Proteomics is the analysis of the most ubiquitous class of molecules in the body - proteins - and the one that shoulders the major duties of both structure and function. Recently, there has been a major focus in biomedical research on the study of these molecules. Proteomic research is predicted to be more complex than Genomic research, as there is a factor of 2000 more molecular species predicted and as there is no analog to PCR to allow the amplification of rare molecules. A company with a material advantage in the study of these molecules should be capable of novel insight into biological process and drug discovery.

Development is ongoing of an advantaged multiplexed protein analysis scheme that allows the interrogation of a huge number of potential protein-protein interactions along with the mathematical capability to gather unique information out of these interactions.
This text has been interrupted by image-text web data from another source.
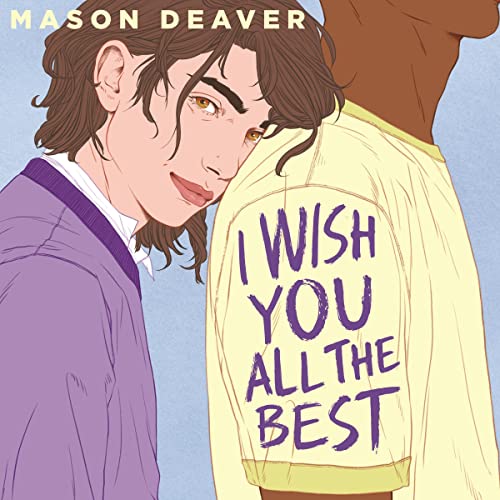 Cover of I Wish You All the Best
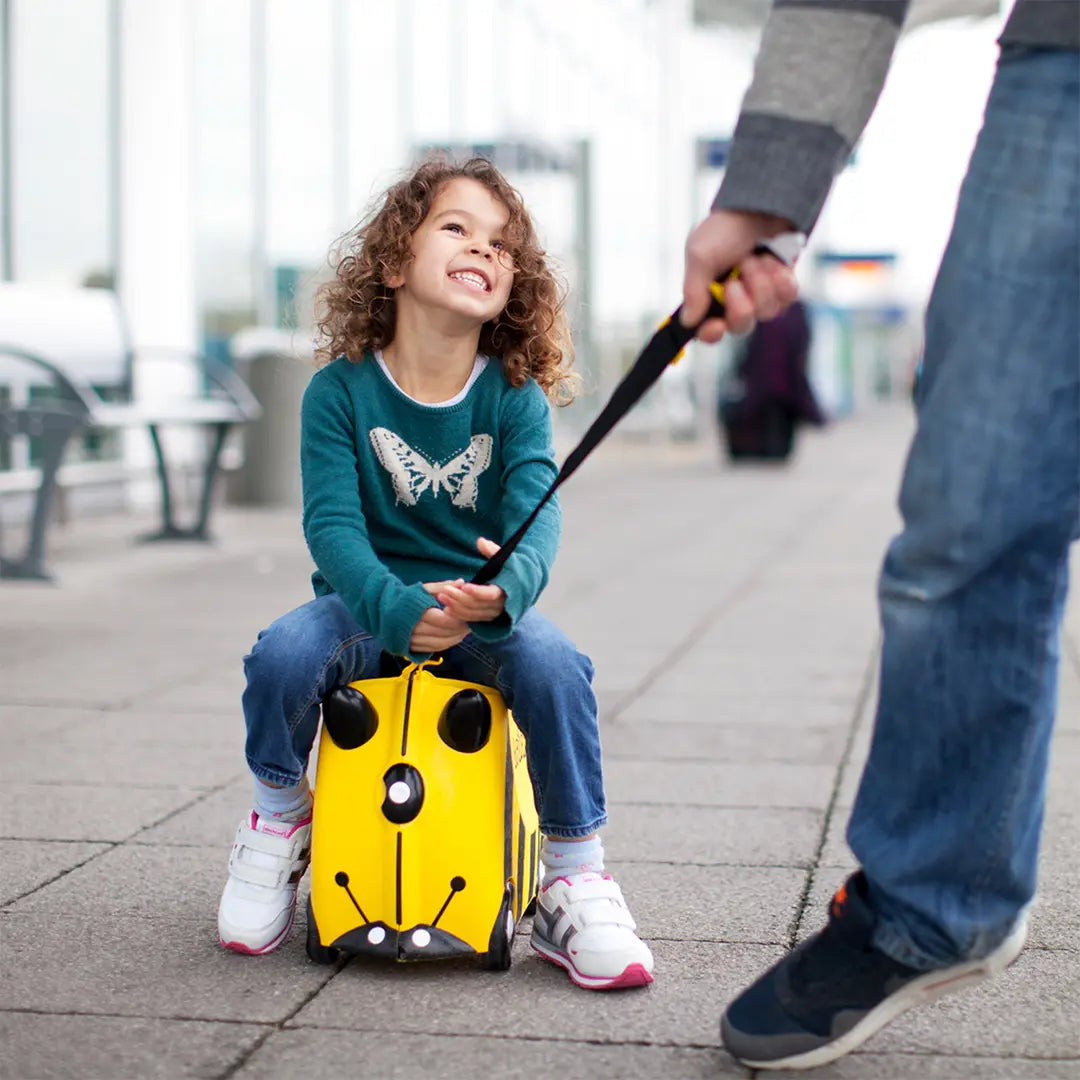 Valigia Cavalcabile per Bambini Bernard Bee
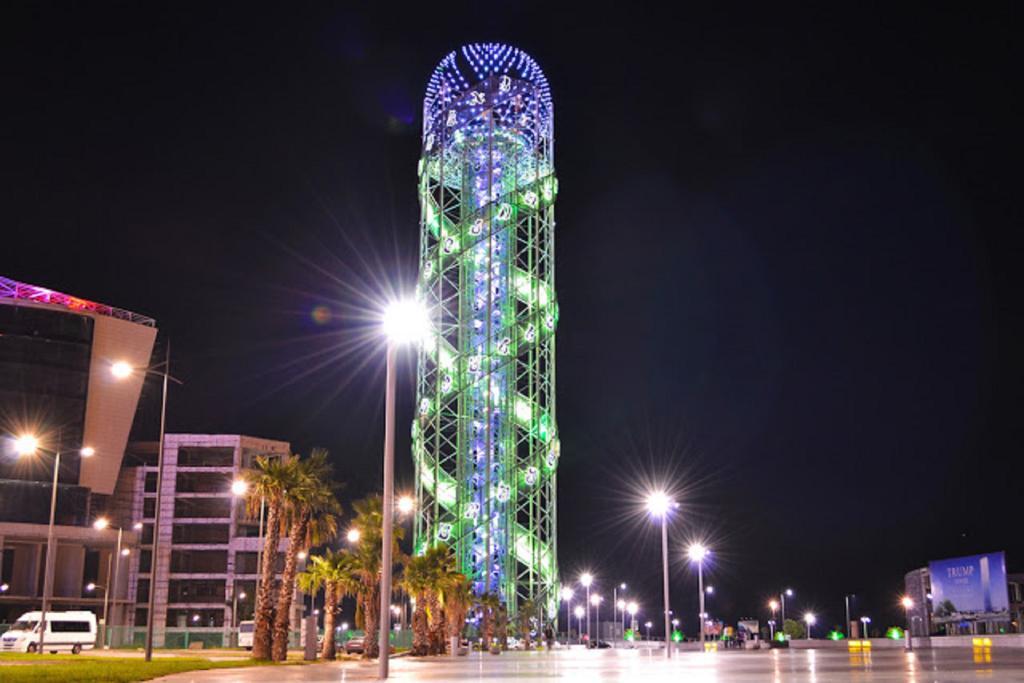 Olympic Batumi Apartment Ngoại thất bức ảnh
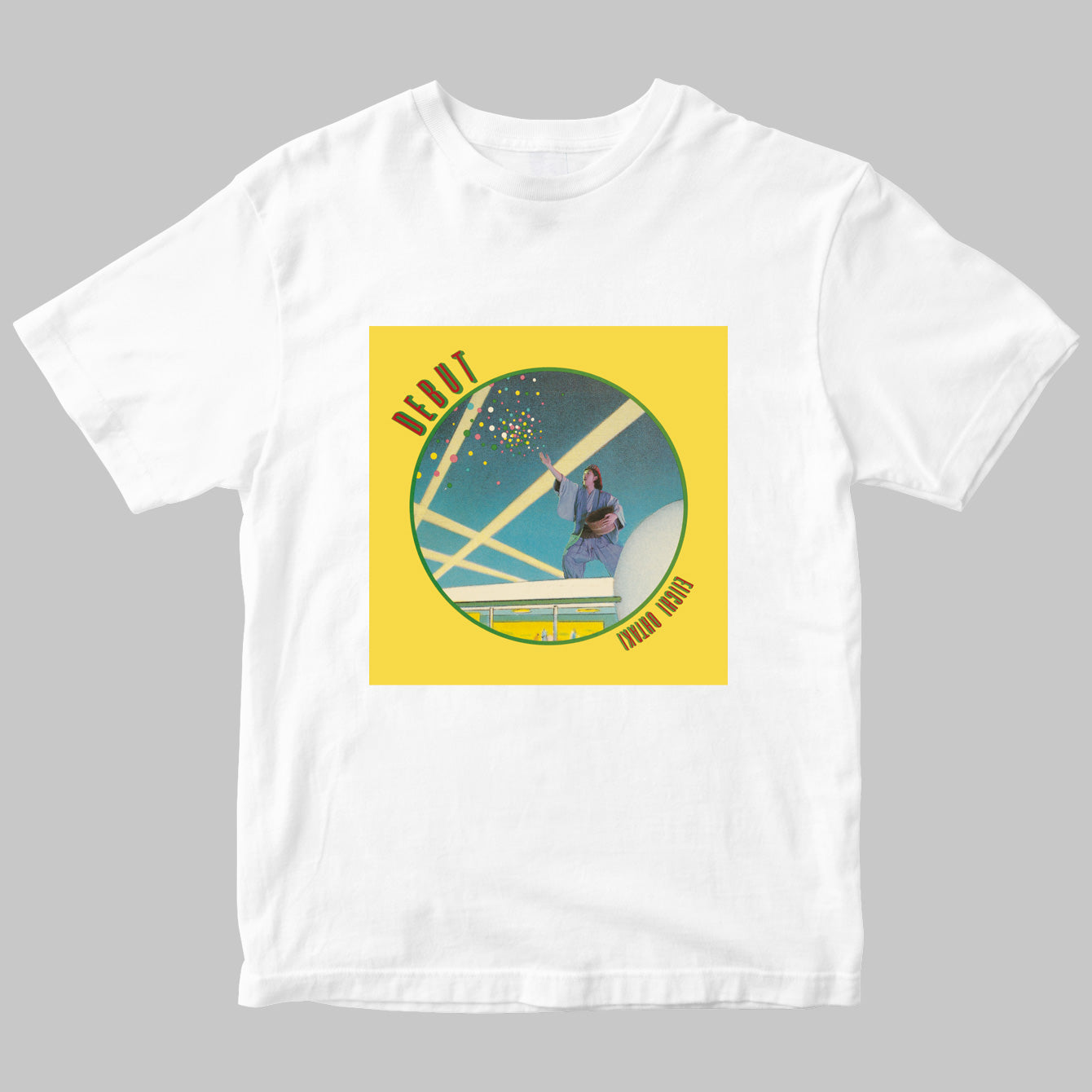 DEBUT – T-OD（株式会社リットーミュージック T1010001032081）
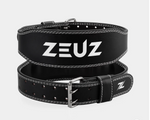 ZEUZ Lifting Belt for Fitness & CrossFit – Weightlifting Belt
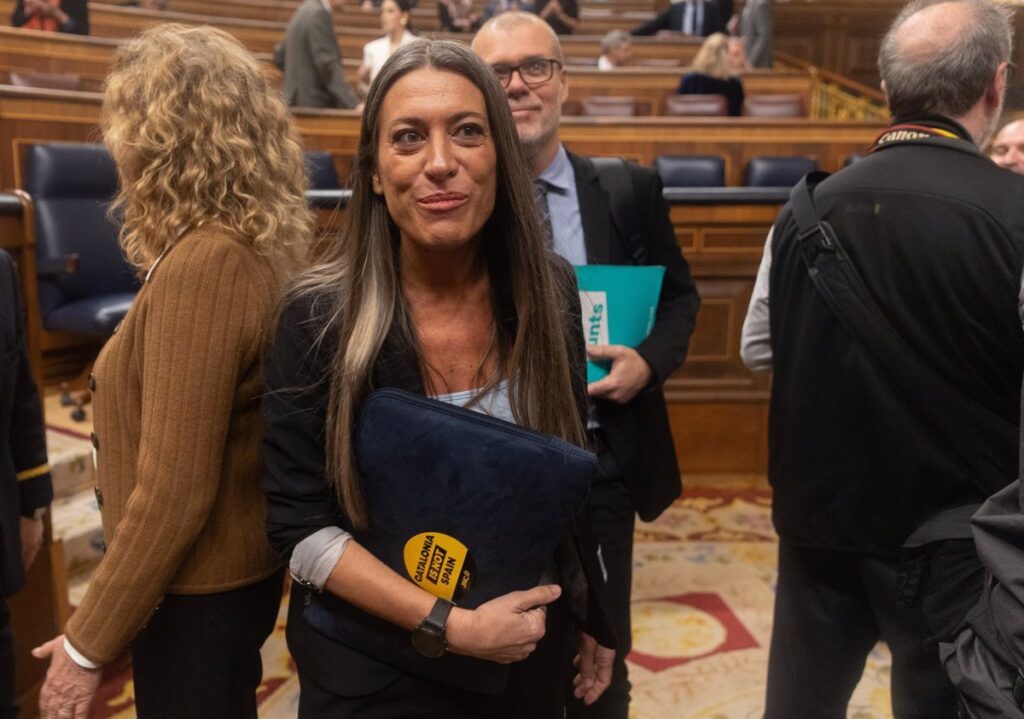 Junts exige a Sánchez que la Fiscalía investigue a los ‘mafiosos’ del PP en la ‘Operación Cataluña’ Junts exige a Sánchez que la Fiscalía investigue a los ‘mafiosos’ del PP en la ‘Operación Cataluña’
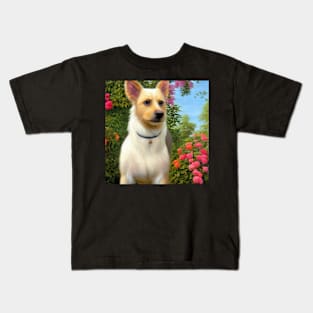 Hund Kids T-Shirt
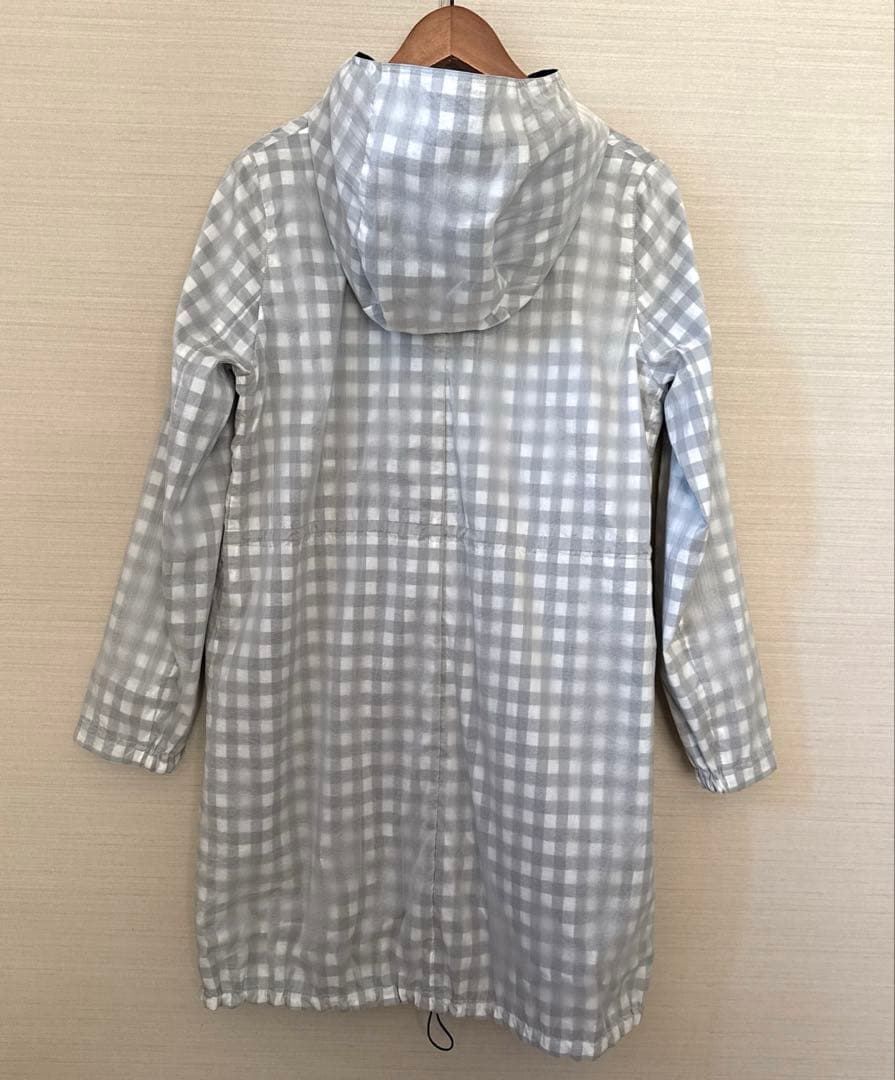 【新品未着用】マッキントッシュ ロンドン★レインコート38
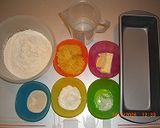 もちもちポテト食パン作り方1写真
This combination of tools is expected to allow rapid parallel analysis of proteins and protein extracts, using pattern recognition to ease the analytical pressure presently faced in available techniques.

The Virtual Magnetic Array for Proteomics

Magnetic manipulation has been commonly used in the biomolecular sciences, since force can be delivered in unique ways through liquids without physical contact. This ability is especially valuable in the manipulation of paramagnetic microparticles, from stirring to separation to immobilization in a flowing stream. Magnetic applications have been integral in immunoassays systems, genetic probe analysis systems, Genomic and protein sequencing systems and cell based sorting and identification. In general, magnetism has made many of the breakthroughs in commercial delivery of biochemistry possible, although scientists have been hesitant to apply magnetics to manipulate fluids and particles at the microscopic level because magnetic forces theoretically do not scale well. We believe that we are overcoming this theoretical problem.